Yves Tenret (pas plus impressionné que ça) : Il ne faut pas se leurrer : ce qui a de la vie, ce qui vit exclut. Il ne s’agit pas d’exclure pour exclure mais à un moment donné, il y a des gens qui doivent partir presque d’eux-mêmes car ils ne se sentent plus concernés. C’est bien pour ça que je posais le problème du terrorisme, des sectes et du boy-scoutisme. Imaginons un instant qu’il y a ici disons six personnes qui parlent entre elles de façon cryptée et que cela soit incompréhensible pour les autres. Cela ne pousserait-il pas certains à partir ?
Sadoc : Ecoute, hein...
Yves Tenret : Cela se passe le lundi. Le mardi il n’y a plus que 15 personnes et tout peut enfin redémarrer sur des bases intéressantes...
Sadoc : Moi, je dis que...
Paolo : On ne peut pas demander à 40 personnes...
Yves Tenret : Pourquoi ? Vous pouvez demander ce que vous voulez à 100 millions de personnes. Allez-y ! Faites le remake d’Intolérance. Engagez 60 000 figurants !
Laurent : Ecoute-moi. Il y a un truc...
Yves Tenret : Ne vous gênez pas pour moi. Refaites la Guerre des Boers !
Laurent (Menaçant) : Allons-y ! Parlons un peu de Baden Powell, parlons de tes méthodes d’animateur culturel, de la façon dont tu empêches tout débat, de ta façon de reprendre ce que les gens disent et de leur relancer tel quel à la figure. Tout ça me paraît bien artificiel et m’insatisfait fortement.

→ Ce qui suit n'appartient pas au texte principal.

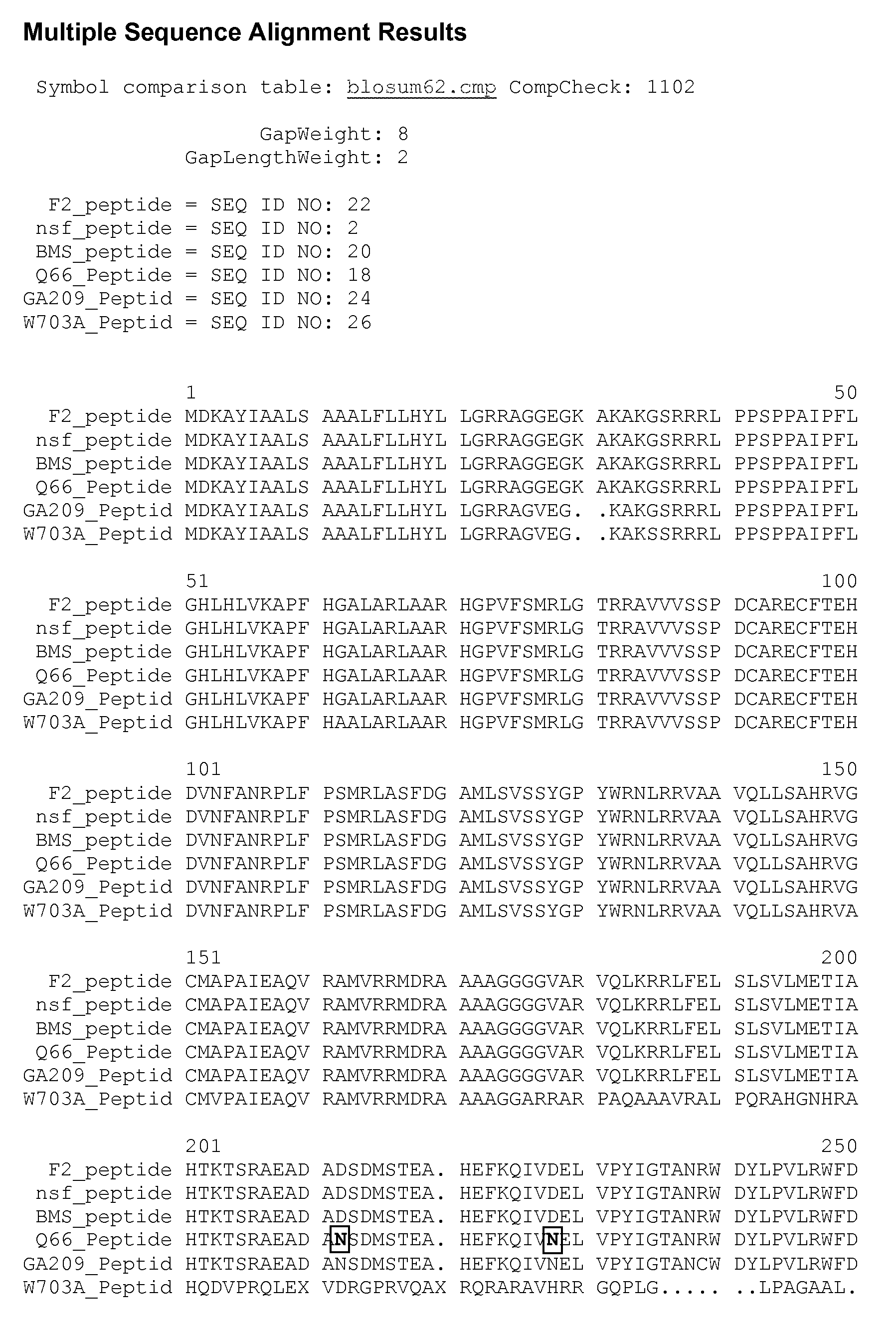 Polynucleotide encoding a maize herbicide resistance gene and methods for use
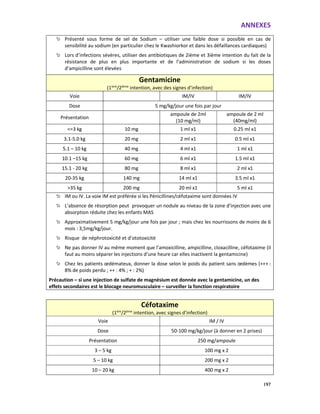 ANNEXES
197
Présenté sous forme de sel de Sodium – utiliser une faible dose si possible en cas de
sensibilité au sodium (en particulier chez le Kwashiorkor et dans les défaillances cardiaques)
Lors d’infections sévères, utiliser des antibiotiques de 2ième et 3ième intention du fait de la
résistance de plus en plus importante et de l’administration de sodium si les doses
d’ampicilline sont élevées
Gentamicine
(1iere
/2ième
intention, avec des signes d’infection)
Voie IM/IV IM/IV
Dose 5 mg/kg/jour une fois par jour
Présentation
ampoule de 2ml
(10 mg/ml)
ampoule de 2 ml
(40mg/ml)
<=3 kg 10 mg 1 ml x1 0.25 ml x1
3.1-5.0 kg 20 mg 2 ml x1 0.5 ml x1
5.1 – 10 kg 40 mg 4 ml x1 1 ml x1
10.1 –15 kg 60 mg 6 ml x1 1.5 ml x1
15.1 - 20 kg 80 mg 8 ml x1 2 ml x1
20-35 kg 140 mg 14 ml x1 3.5 ml x1
>35 kg 200 mg 20 ml x1 5 ml x1
IM ou IV. La voie IM est préférée si les Pénicillines/céfotaxime sont données IV
L’absence de résorption peut provoquer un nodule au niveau de la zone d’injection avec une
absorption réduite chez les enfants MAS
Approximativement 5 mg/kg/jour une fois par jour ; mais chez les nourrissons de moins de 6
mois : 3,5mg/kg/jour.
Risque de néphrotoxicité et d’ototoxicité
Ne pas donner IV au même moment que l’amoxicilline, ampicilline, cloxacilline, céfotaxime (il
faut au moins séparer les injections d’une heure car elles inactivent la gentamicine)
Chez les patients œdémateux, donner la dose selon le poids du patient sans œdèmes (+++ :
8% de poids perdu ; ++ : 4% ; + : 2%)
Précaution – si une injection de sulfate de magnésium est donnée avec la gentamicine, un des
effets secondaires est le blocage neuromusculaire – surveiller la fonction respiratoire
Céfotaxime
(1ère
/2ème
intention, avec signes d’infection)
Voie IM / IV
Dose 50-100 mg/kg/jour (à donner en 2 prises)
Présentation 250 mg/ampoule
3 – 5 kg 100 mg x 2
5 – 10 kg 200 mg x 2
10 – 20 kg 400 mg x 2
 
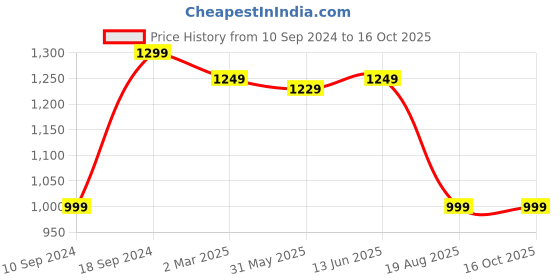 myntra.com Keepfit Kids Color-blocked Antibacterial Zipper Legsuit keepfit Price History Graph from 10 Sep 2024 to 15 Oct 2025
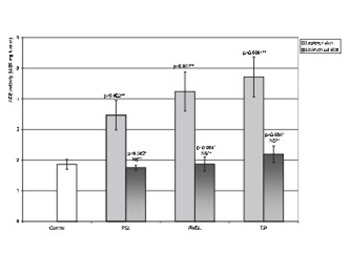 Tissue Angiotensin-Converting Enzyme in Patients With Various Clinical Forms of Psoriasis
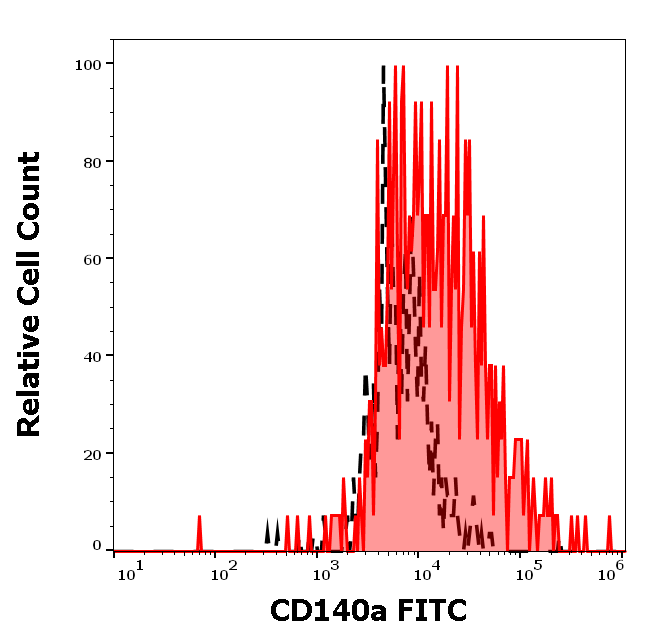 CD140a Antibody (FITC)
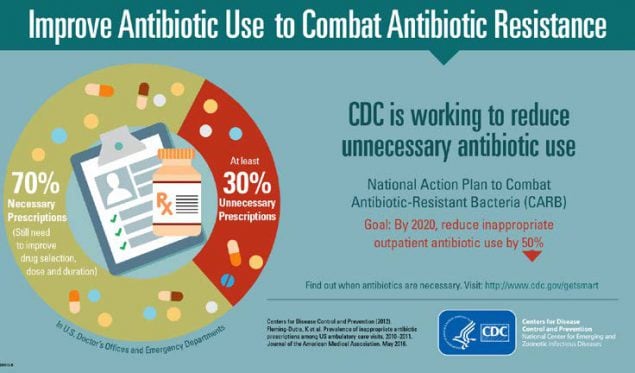 Graphic: Improve antibiotic use to combat antibiotic resistance. Necessary prescription rate: 70&#37; (still need to improve drug selection, dose and duration). Unnecessary prescription rate: 30&#37;. Cdc is working to reduce unnecessary antibiotic use with the national action plan to combat antibiotic-resistant bacteria (carb) goal: by 2020, reduce inappropriate outpatient antibiotic use by 50&#37;. Find out when antibiotics are necessary. Visit: http://www.cdc.gov/getsmart
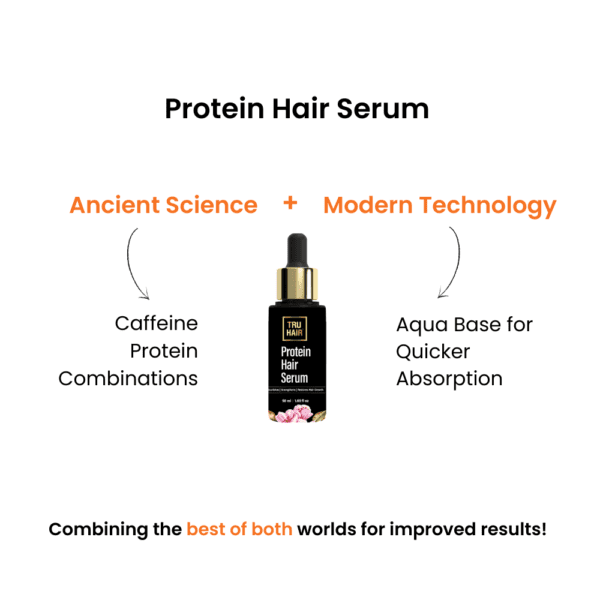 Protein Hair Serum – 50ml [BOGO]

Yves Tenret : On ne peut pas satisfaire tout le monde en même temps...
Raouf (Encore plus menaçant) : Tu ne peux pas traiter les gens à la légère comme ça, dire : vous avez un problème avec Jean-Luc, réglez-le ! Pourquoi en faites-vous un saint ?
Yves Tenret : On parlait de l’Internationale situationniste avant. Pourquoi ont-ils exclu de nombreuses personnes ? Par goût de l’exclusion ?
Raouf (Prêt à frapper) : Non, non, non ! Pourquoi ont-ils pu faire de l’exclusion un prétexte pour être ensemble ? Pour finir l’Internationale situationniste n’était plus que ça, des exclusions ! Pourquoi ils ont...
Yves Tenret : C’est bon... On a compris... D’accord...
Raouf (montrant les dents) : ...exclut le prosituationnisme en théorie mais non pas pu l’exclure dans certains cas particuliers.
Yves Tenret (conciliant) : Absolument ! Alors là, on a absolument le même point de vue...
Raouf : Pourquoi tu refuses de parler de l’aura que dégage Jean-Luc, de son influence sur un tel ou sur un tel et puis de l’admiration que d’autres peuvent ressentir pour lui, qui est en fait une admiration plus pour sa méthode que pour lui personnellement. Essayons d’en parler tous ensemble, de rationaliser tout ça.
On débouche de nouvelles bouteilles de blanc d’Anjou.
Yves Tenret : Est-ce que tu comprends...
Noyé : Ne parle pas pour moi !
Yves Tenret (comme s’il n’avait rien entendu) : Raouf, est-ce que tu peux comprendre qu’il y a ici des personnes qui ne sentent pas concernée par tout ça ?
Noyé (déterminé) : Ne parle pas pour ma personne !
Raouf : C’est de la censure. Chacun vient avec des problèmes généraux mais a priori n’est pas venu pour parler de la même chose.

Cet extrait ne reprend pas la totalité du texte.